To address the need for explicitly blocking specific sources, you can use AWS Network Access Lists (NACLs), which are stateless, and as part of setting a Network Access Rule, you'll have the option to set its type (Allow/Deny). It's important to mention that NACLs operate at the Subnet level, while Security Groups operate at the VPC level.

Reminding you that NACLs are stateless, which means you'll need to create a rule for both inbound and outbound for any source/target device. Unlike Security Groups, if you haven't explicitly allowed a connection both inbound/outbound, it is denied by default. The default NACLs rules, for both inbound and outbound, are All traffic, from/to: 0.0.0.0/0.

NOTE: I rarely use NACLs, unless there's a specific need to block a set of IP addresses at the subnet's level, which in my experience, is quite rare and should be used with cautious.
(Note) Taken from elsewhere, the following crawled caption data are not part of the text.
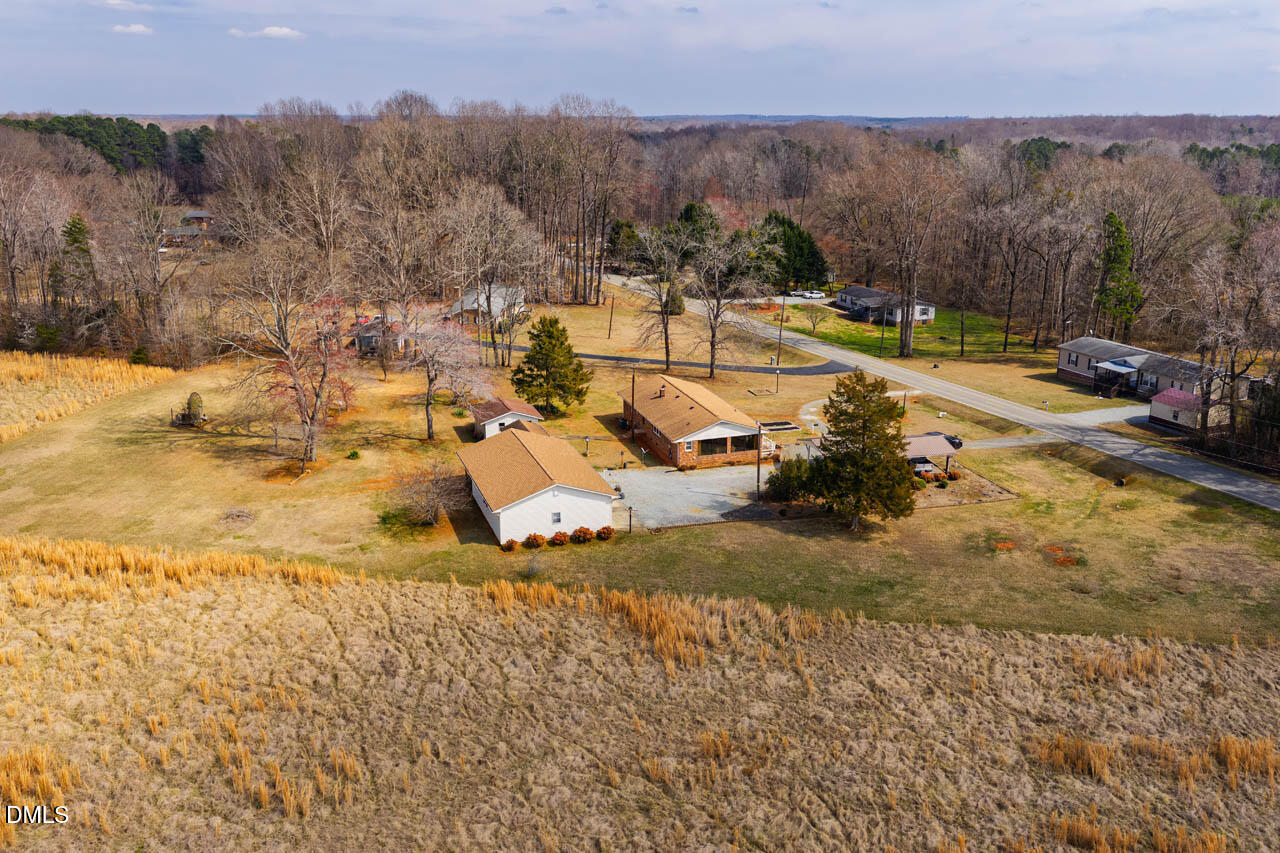 200 Sawmill Road Property Photo 65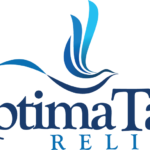 Optima Tax Relief Reminds Tax Professionals to Renew PTINs for 2025 Tax Season Tax Season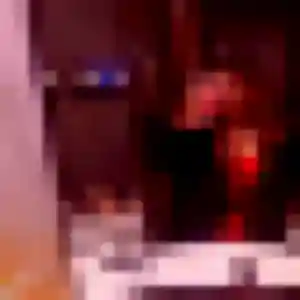 Photo sexy de Saffie, 36 ans à Hayange - rencontre sans lendemain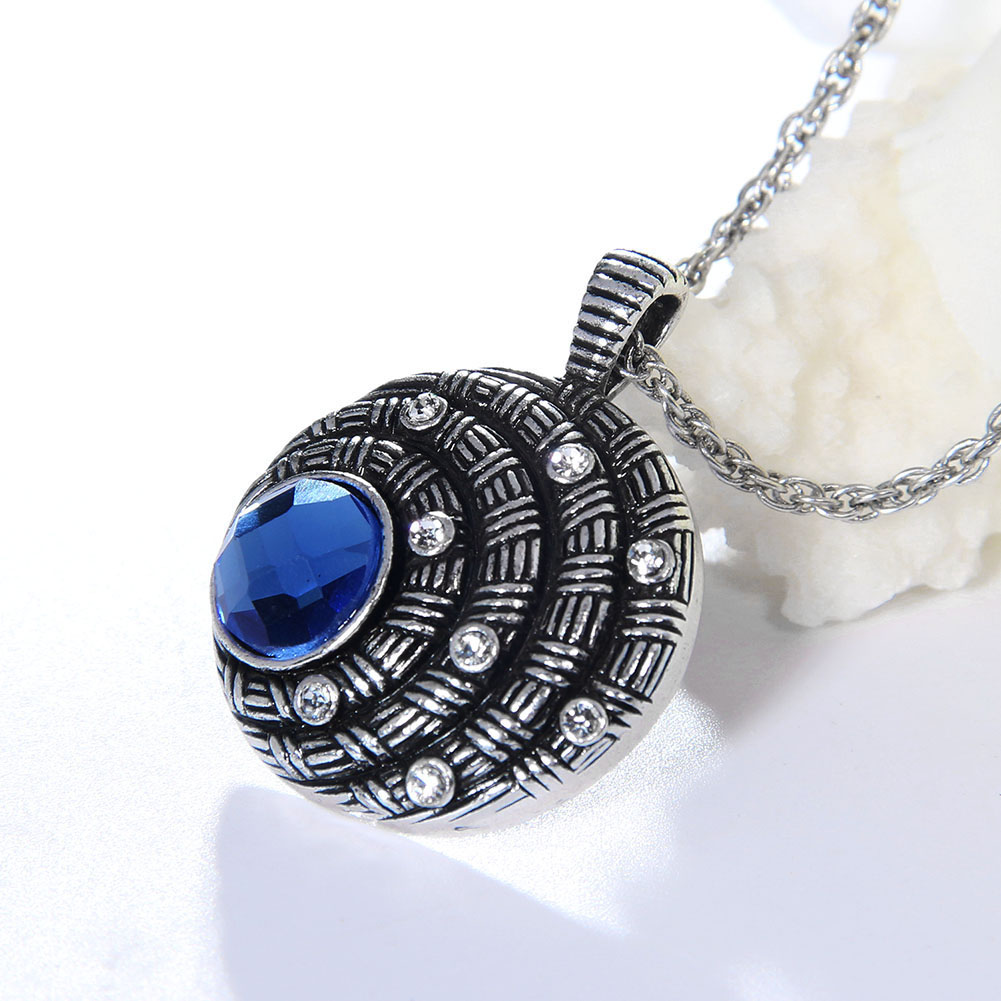 东升国际官网-钻营健全,你我一路成长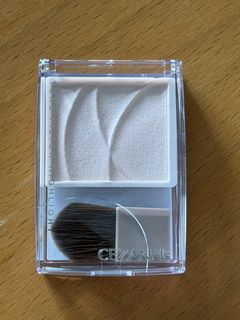 （分類：）位於 。 由 sumkui26 提交（商品編號 1460505285，圖片 1）。簡介： 。
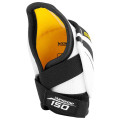 Налокотники BAUER SUPREME 150 YTH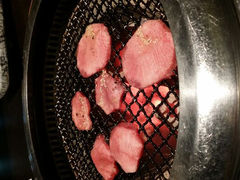 android_upload_pic-金柚子韩国烤肉(威宁路店)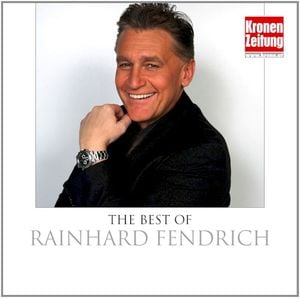 The Best of Rainhard Fendrich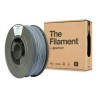 Spectrum The Filament Filament PLA CF 1000g, grey, EOL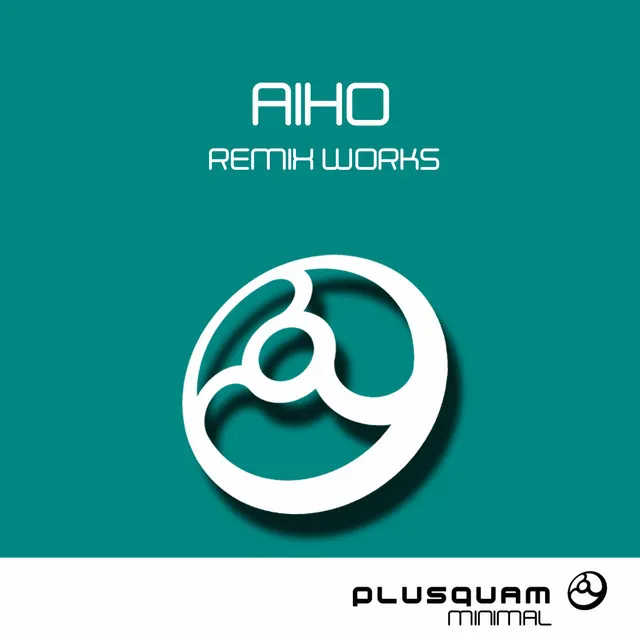 Slide - Aiho & Gregory Galahad Remix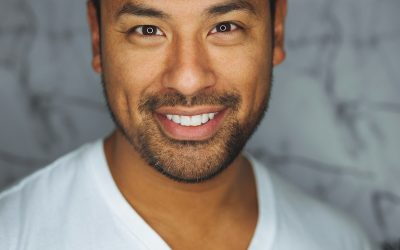 منصة حصر السجل الزراعي المطور — الشروط والخطوات ٢٠٢٦ | الانجاز السريع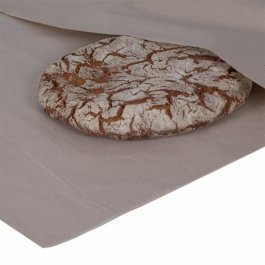 Bäckerseide im Bogenformat Bäckerseide im Bogenformat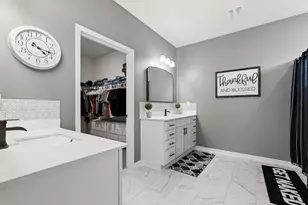 2249 Spring Tree Dr, Little River, SC 29566 - Photo 11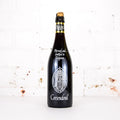 Corsendonk - Pater Dubbel 750ml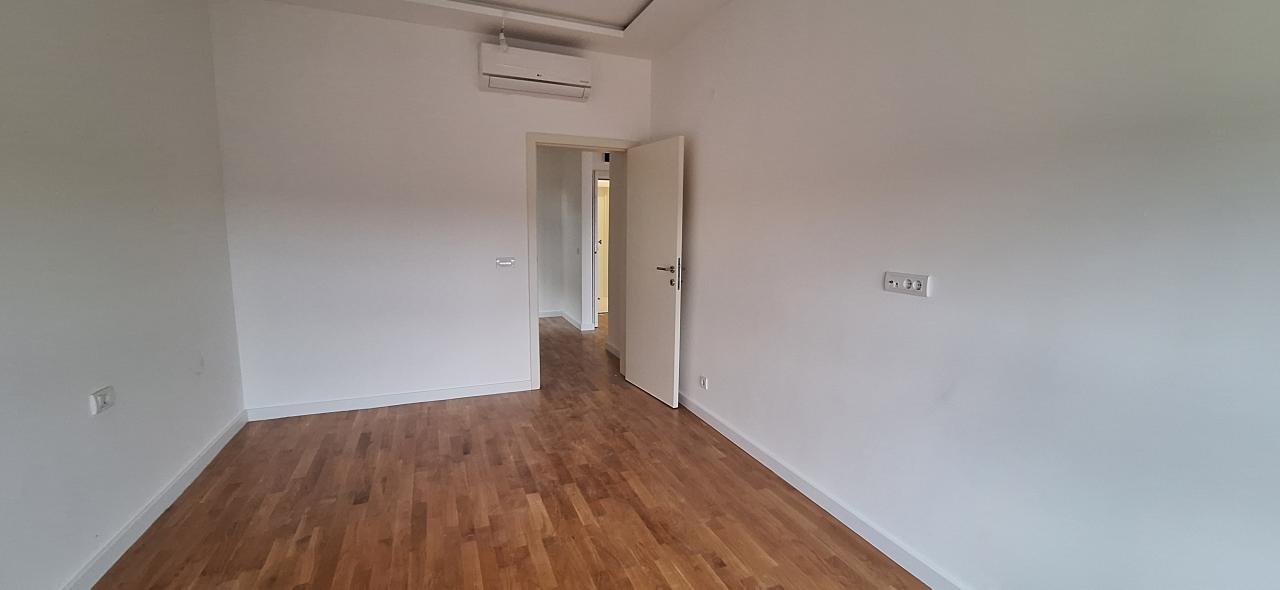 Appartamento a Bar, Montenegro, 51 m² - foto 7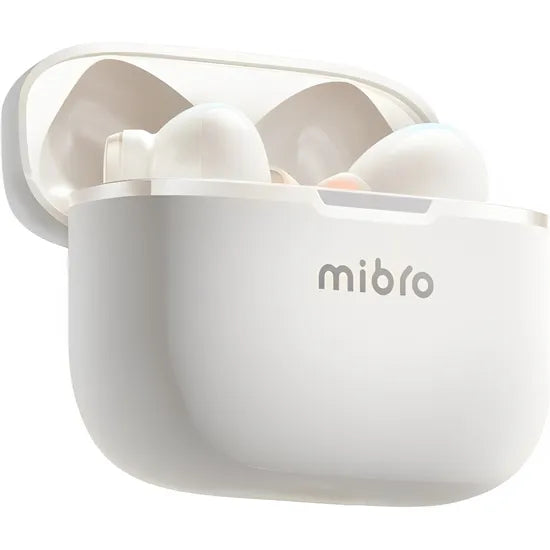 AURICULAR MIBRO EARBUDS AC1 XPEJ010 WHITE  Product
Allow Access According To IP and Request URI-Path

One might think "but hey, I want to allow access to https://myapp.com/admin/dashboard from my IP only, how can I do that? Since HTTP requests are handled at the application layer, you can use the AWS Web Application Firewall.

Create a rule for web request component settings with the required URI Path
Create a set of IPs and add your IP, call this set whitelisted.
Create another rule that whitelists your IP address.

Here's the pseudo-code of the set of rules that should be created

if AND(
URI-Path == https://myapp.com/admin/dashboard,
SourceIP != Whitelisted-IPs
)
then Block

Selecting The Right Defense

Security Groups are designed to Allow traffic from/to sources, at the VPC level.
NACLs can be used for blocking a set of IP addresses (bots, bad reputation, etc.) at the Subnet level.
AWS WAF can be used for blocking all traffic to a specific URI-Path, and allowing traffic only from a specific set of IP addresses (whitelisted).

References

Final Words

When I first started my journey with AWS, Security Groups were one of the first components that I encountered. I also didn't have any background with networks, so stateless and stateful didn't mean anything to me. Once I broke it down and found out which service should be used for each purpose, it was all clear.